» **WORK INSTRUCTION**
Leave out the pictures and repeat exactly the lines from the one containing "Unique Succulent Plant" through the end of the records.

» **PROVIDED RECORDS**
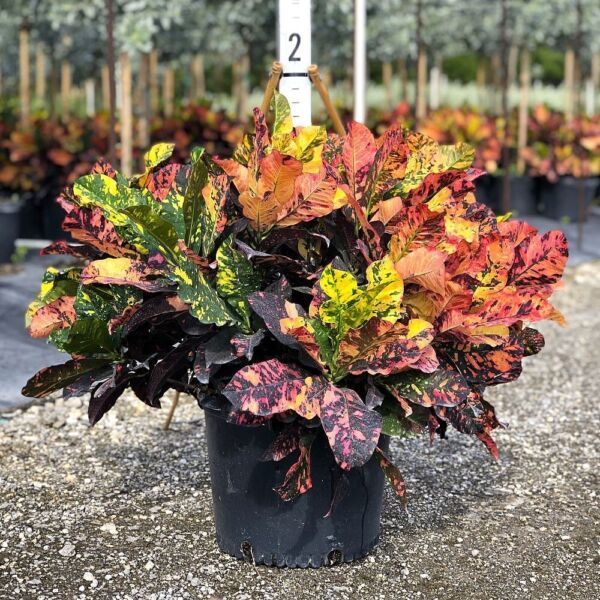 Plant and tree list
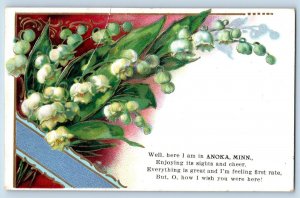 Anoka Minnesota MN Postcard Flower Embossed Leaves Exterior 1910 Antique Vintage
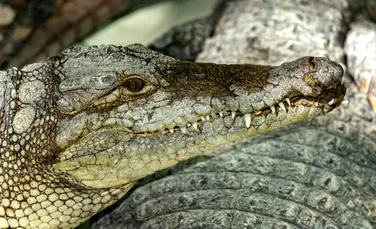 De ce a omorât un fermier 125 de crocodili pe cale de dispariție?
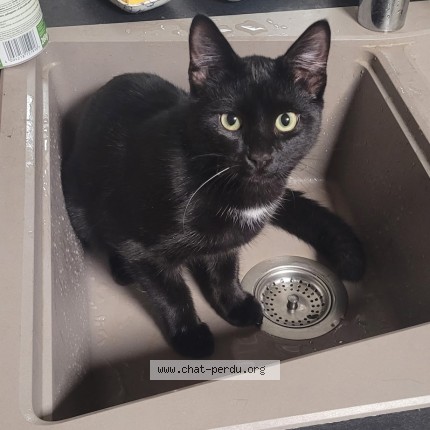 Foto de un gato reunido en Saint Priest Sous Aixe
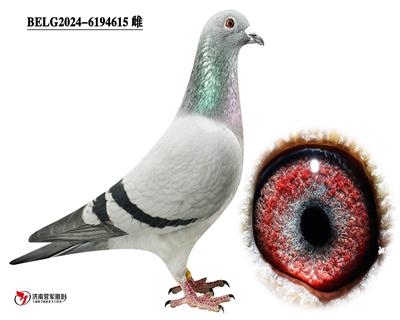 ���ǡ�������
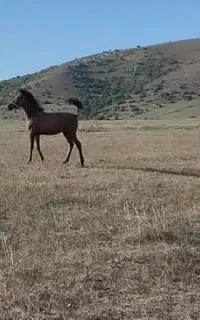 کره اسب نریان کرد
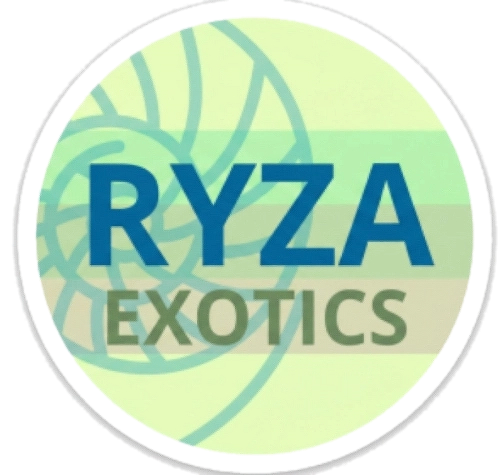 RYZA Exotics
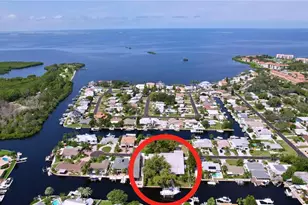 311 Morningside Dr, Palm Harbor, FL 34683 - Photo 44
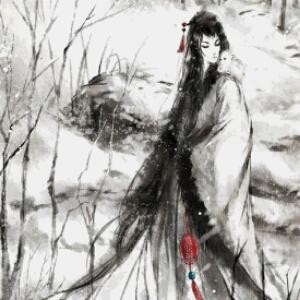 小狐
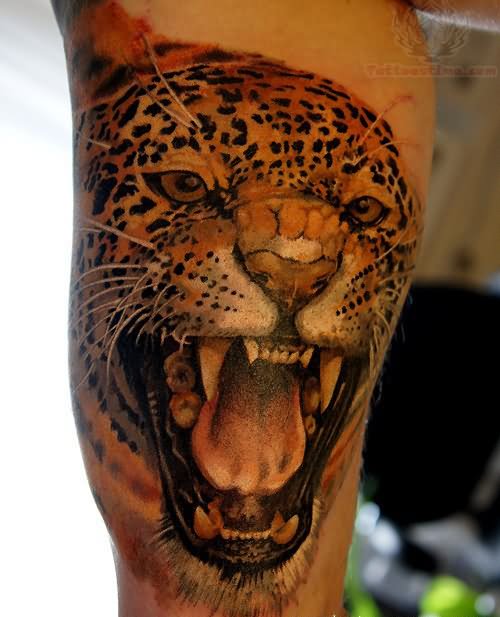 Realistic Jaguar Angry Face Tattoo On Bicep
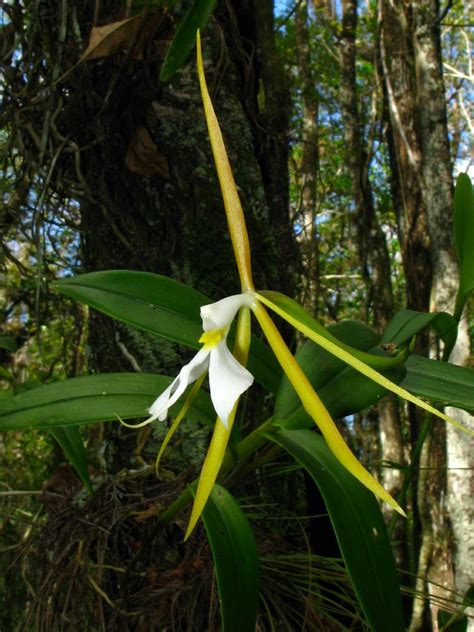 Epidendrum nocturnum (Night Fragrant Epidendrum): Go Orchids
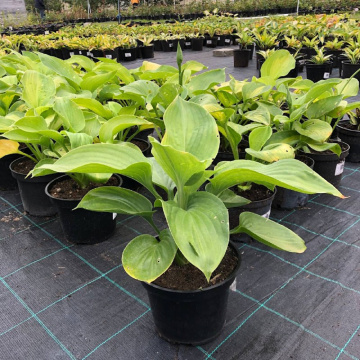 Стандарт поставки 4 Хоста Авокадо (горшок 2л)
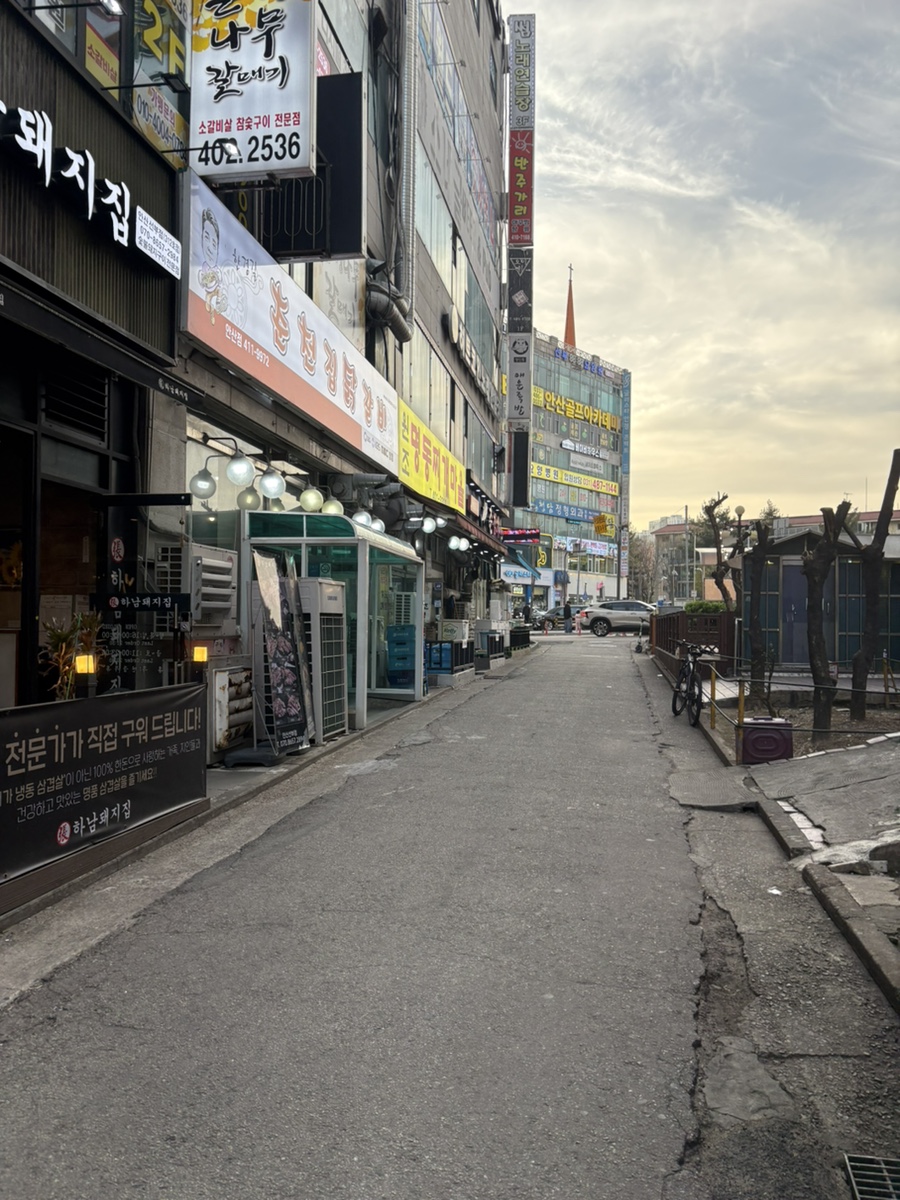 춘참치 사진 2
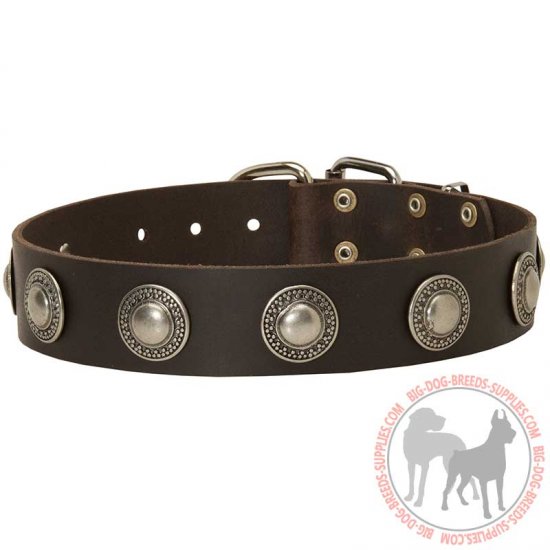 C73 - PRICE LEVEL 2 - Leather Dog Collar with Silver Conchos for Walking and Training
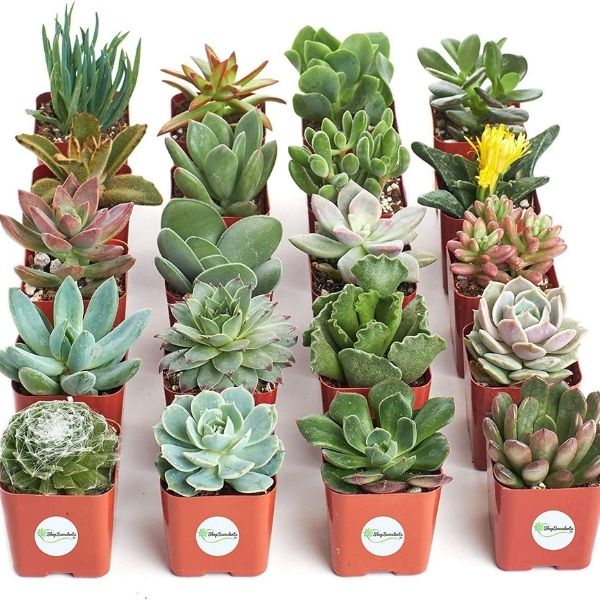 Unique Succulent Plant Pack offers a green and lasting baby shower favor.
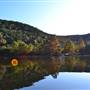 Madrone Ranch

» **YOUR SOLUTION**
 Unique Succulent Plant Pack offers a green and lasting baby shower favor.
 Madrone Ranch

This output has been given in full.